Moranopteris achilleifolia

Scientific classification
- Kingdom: Plantae
- Clade: Tracheophytes
- Division: Polypodiophyta
- Class: Polypodiopsida
- Order: Polypodiales
- Suborder: Polypodiineae
- Family: Polypodiaceae
- Genus: Moranopteris
- Species: M. achilleifolia
- Binomial name: Moranopteris achilleifolia (Kaulf.) R.Y.Hirai & J.Prado
- Synonyms: Ctenopteris achilleifolium (Kaulf.) J.Sm. ; Grammitis achilleifolia (Kaulf.) R.M.Tryon & A.F.Tryon ; Micropolypodium achilleifolium (Kaulf.) Labiak & F.B.Matos ; Polypodium achilleifolium Kaulf. ; Polypodium piligerum Hook. ; Terpsichore achilleifolia (Kaulf.) A.R.Sm. ;

= Moranopteris achilleifolia =

- Authority: (Kaulf.) R.Y.Hirai & J.Prado

Species of fern

Moranopteris achilleifolia is a species of fern in the family Polypodiaceae.
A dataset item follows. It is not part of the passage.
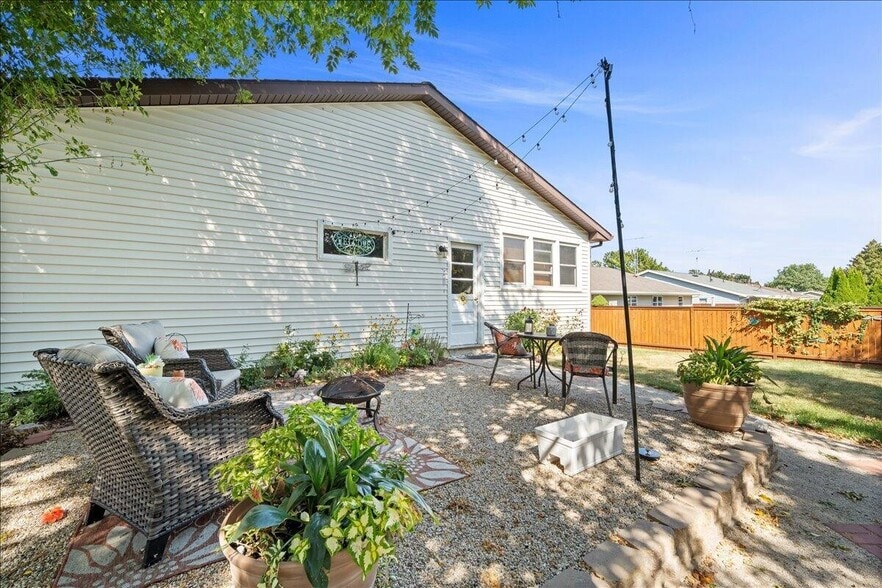 Building Photo - 3955 Meadowbrook Ct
It is native to Brazil and Argentina. It is also placed in the genus Grammitis.

Under the synonym Polypodium piligerum, in 2003, it was regarded as endemic to Ecuador and threatened by habitat loss. However, more recent sources do not record it as occurring in Ecuador.